The little girl, whose name has not been released, was riding the escalator at the mall with her parents and fell at exactly the wrong time. The result, as originally reported by local TV station 7 News, was that she got dragged down by the handrail and was crushed against the shopping center’s floor.
The video below is actually coverage of another incident in which an escalator handrail crushed a little boy in China (serious escalator-related mishaps are more common than you think), but it does a good job of illustrating how the crushing took place in both cases.
The little girl’s incident truly must have been a “terrifying ordeal,” 7 News points out. In the station’s featurette on the incident, they show video of the little girl after tripping and being pinned to the floor facedown by the handrail. As the girl shrieks, her frantic parents try to save her by using a screwdriver on the contraption. Apparently it did not work, though, because security guards soon join in on efforts to free the little girl with several other small tools.

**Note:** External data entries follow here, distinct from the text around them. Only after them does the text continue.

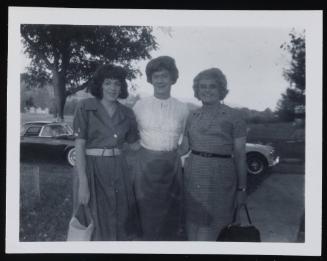 [Susanna and two friends outside, location unknown]
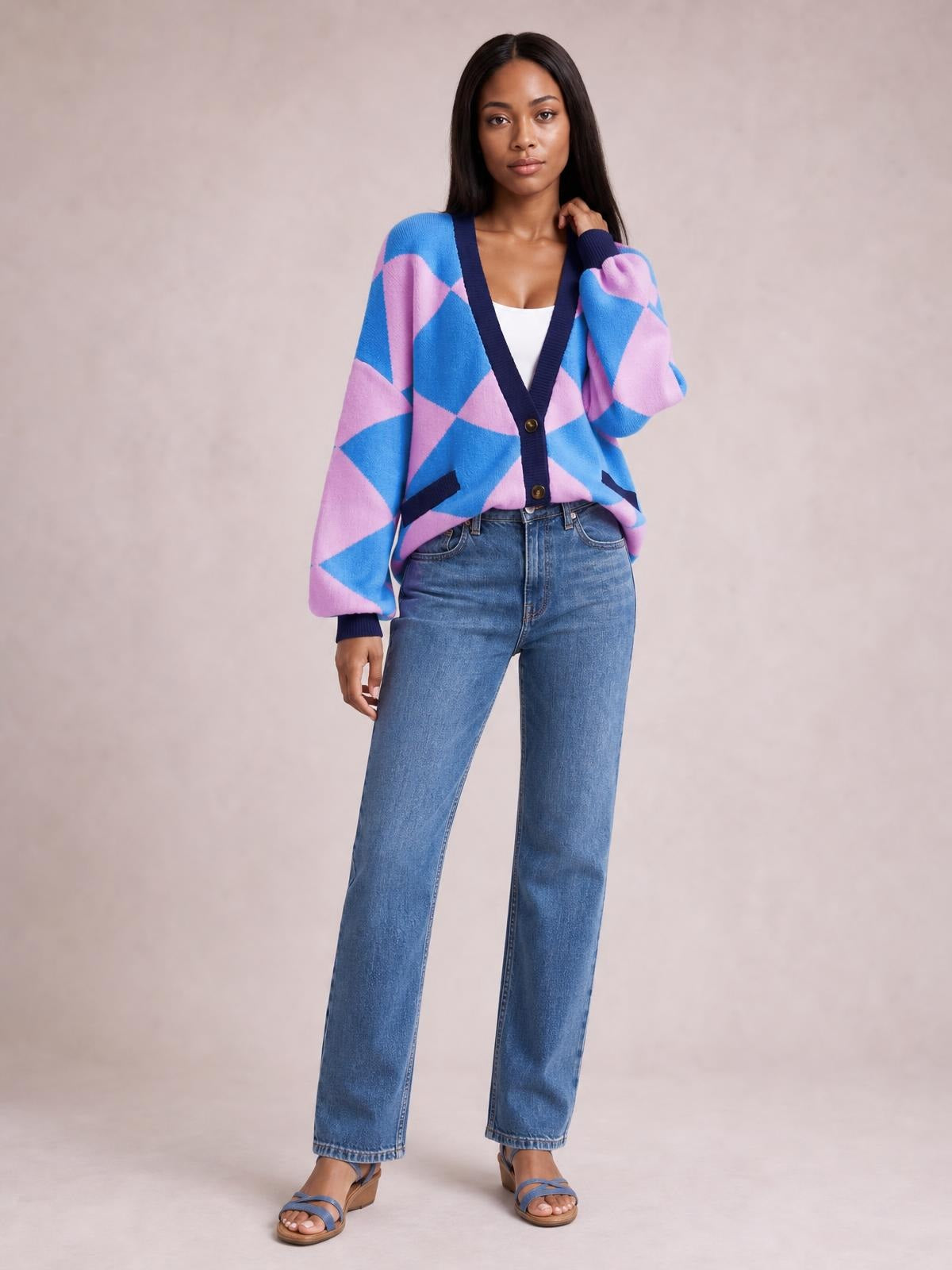 A model stands in a blue and pink diamond pattern button-up knit cardigan with a V-neck, contrasting trim, front pockets, and relaxed sleeves.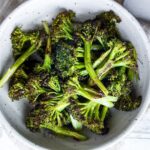 How to make Crispy Oven Roasted Broccoli - perfect as a simple side dish or use to enhance other dishes.  Baking in a hot oven yields tender-crisp broccoli in under 30 minutes. Fast and EASY Recipe!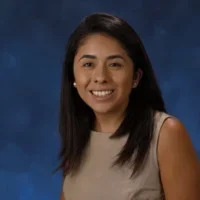 Andrea Martinez smiling portrait in front of blue backdrop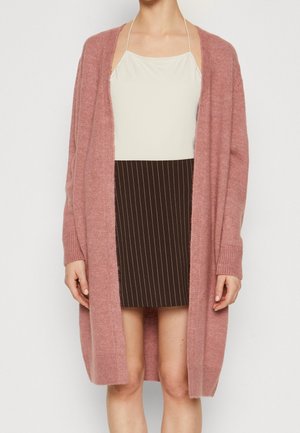 Femme portant un haut blanc à dos nu, une jupe noire à fines rayures et un long cardigan en tricot rose poudré, debout devant un fond uni.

Onlookers attempted to comfort the four year-old girl while she was pinned, but one nearby store owner in particular recounts that just witnessing the horrible scene surrounding the trapped little girl was traumatic.
“I will never forget the screams I heard.”

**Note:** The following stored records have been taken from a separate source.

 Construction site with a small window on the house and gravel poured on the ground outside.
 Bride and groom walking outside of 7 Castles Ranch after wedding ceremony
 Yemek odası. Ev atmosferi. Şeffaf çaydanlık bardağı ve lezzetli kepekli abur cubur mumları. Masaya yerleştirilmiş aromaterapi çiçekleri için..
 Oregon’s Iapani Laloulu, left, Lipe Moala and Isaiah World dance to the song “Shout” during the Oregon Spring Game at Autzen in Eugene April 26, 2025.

— 7 News Sydney (@7NewsSydney) March 29, 2016
It is not yet clear exactly how long the girl was trapped, but medics soon arrived at the scene and brought her to a local children’s hospital with arm injuries, writes The Daily Mail. The little girl was given the okay to go home the same day.

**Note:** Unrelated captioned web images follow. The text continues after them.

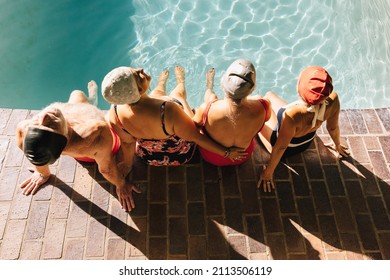 Top View Of Elderly People Relaxing With Their Legs In The Swimming Pool. Serene Senior Citizens Enjoying Their Summer Vacation At A Spa Resort. Mature Friends Enjoying Themselves After Retirement.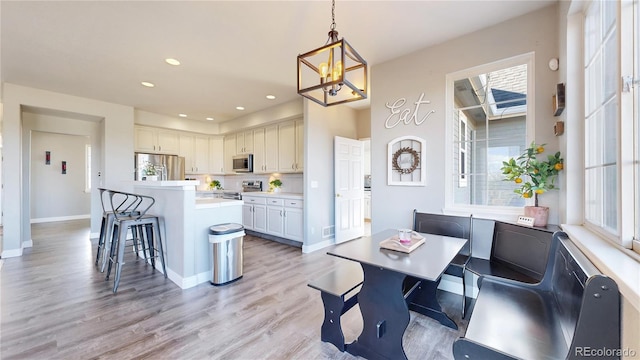 kitchen featuring a kitchen island, a breakfast bar area, stainless steel appliances, light countertops, and pendant lighting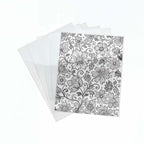 5 Laserfolien für den Siebdruck. Eine Folie bedruckt mit Blumen-Motiv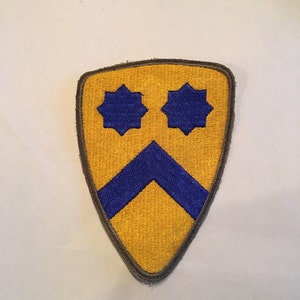 May include: A yellow military patch with a blue chevron and two blue eight-pointed stars.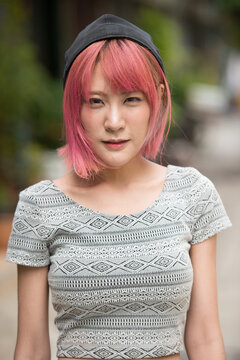 Young Beautiful Asian Woman With Pink Hair Outdoors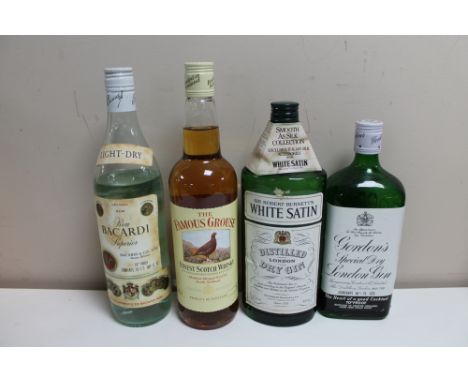 Four bottles of alcohol - Gordons Special dry London gin, White Satin London gin, Bacardi and Famous Grouse Scotch 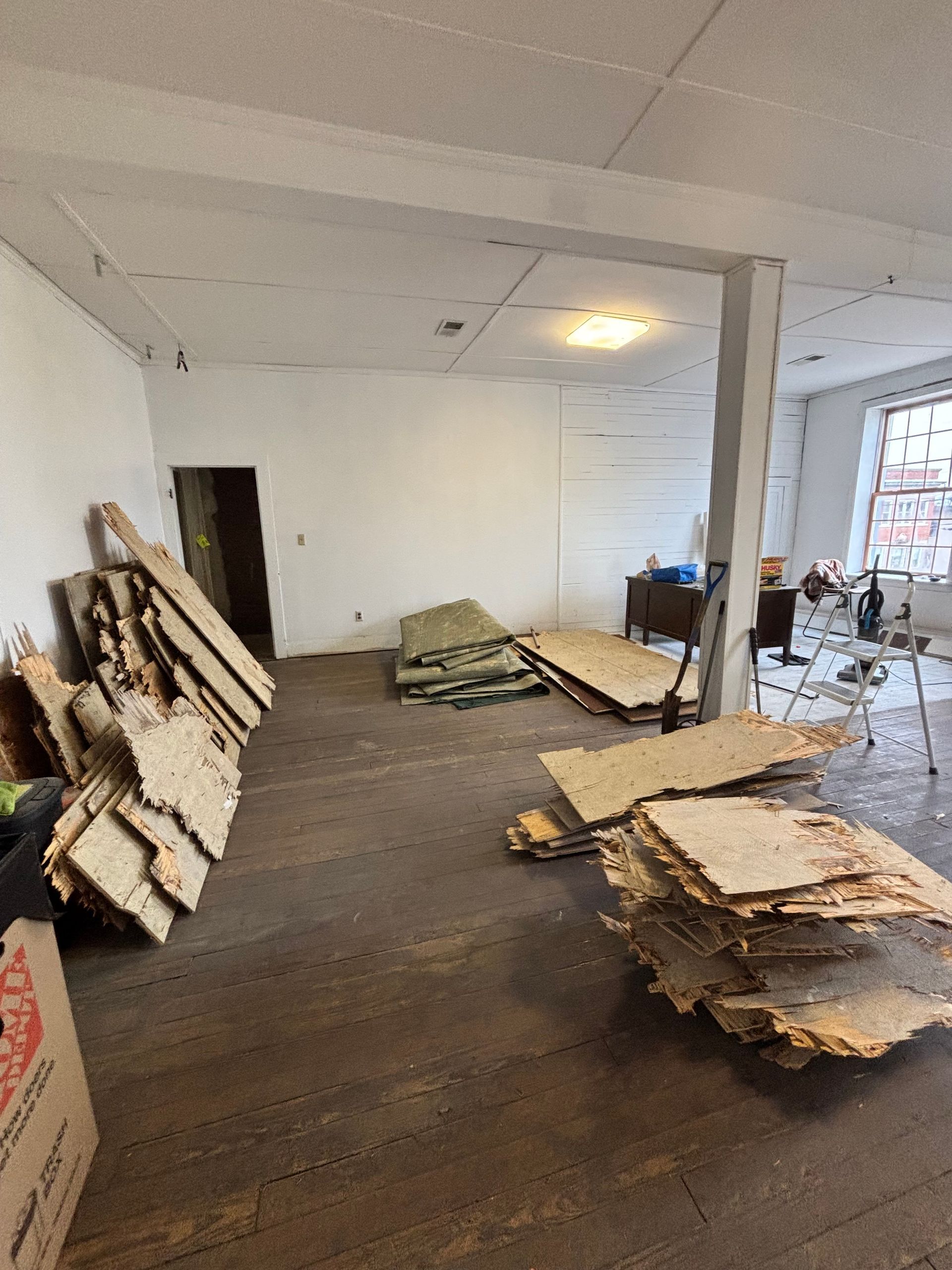 Renovation room with stacked construction debris and wood panels on a dark floor, white walls, and a windowed doorway.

The little girl and her parents should count themselves as lucky, because the injuries would have been much more severe and possibly fatal had the escalator not included a safety device. The device, Westfield Mall representatives say, was set to shut down the escalator whenever it encountered any major physical resistance.
On many escalators, such as the one that crushed the little Chinese boy discussed above, no such safety mechanism is in place. This means that the full force of the escalator’s machinery continuously bore down on the Chinese boy like a heavy weight being pressed down on his chest for an extended period of time. In the little girl’s case, the heavy weight let up almost immediately thanks to the mall’s safety preparedness.
Jason Chambers, representative of an Australian child accident prevention organization, commented on how very lucky the country’s population had been in terms of avoiding escalator-related injuries.
“We’ve been quite lucky that we haven’t really seen that many severe accidents in Australia recently, but there have been quite a number of severe injuries overseas, including some fatalities,” he noted.
The little Chinese boy mentioned above is just one example of what Chambers is referring to. The American Association for Justice says that in 2013, there were 12,260 escalator-related deaths or injuries in the U.S. alone. Each year, the report says, the number of incidents increases.
What is wrong with so many of this escalator accidents? https://t.co/nQiGLMvDSu
— botak chan (@botak_chan) February 10, 2016
Parents are little by little beginning to realize the risks posed by escalators, too, reveals the 7 News video.
“It’s dangerous, so you have to pay extra attention to them,” said one mother.
“I get too worried if I go on it,” said another.
“I’ve seen a couple of people fall over,” said a third.
So the message is clear:don’t underestimate escalators. It is a lesson one little girl in Sydney learned the hard way.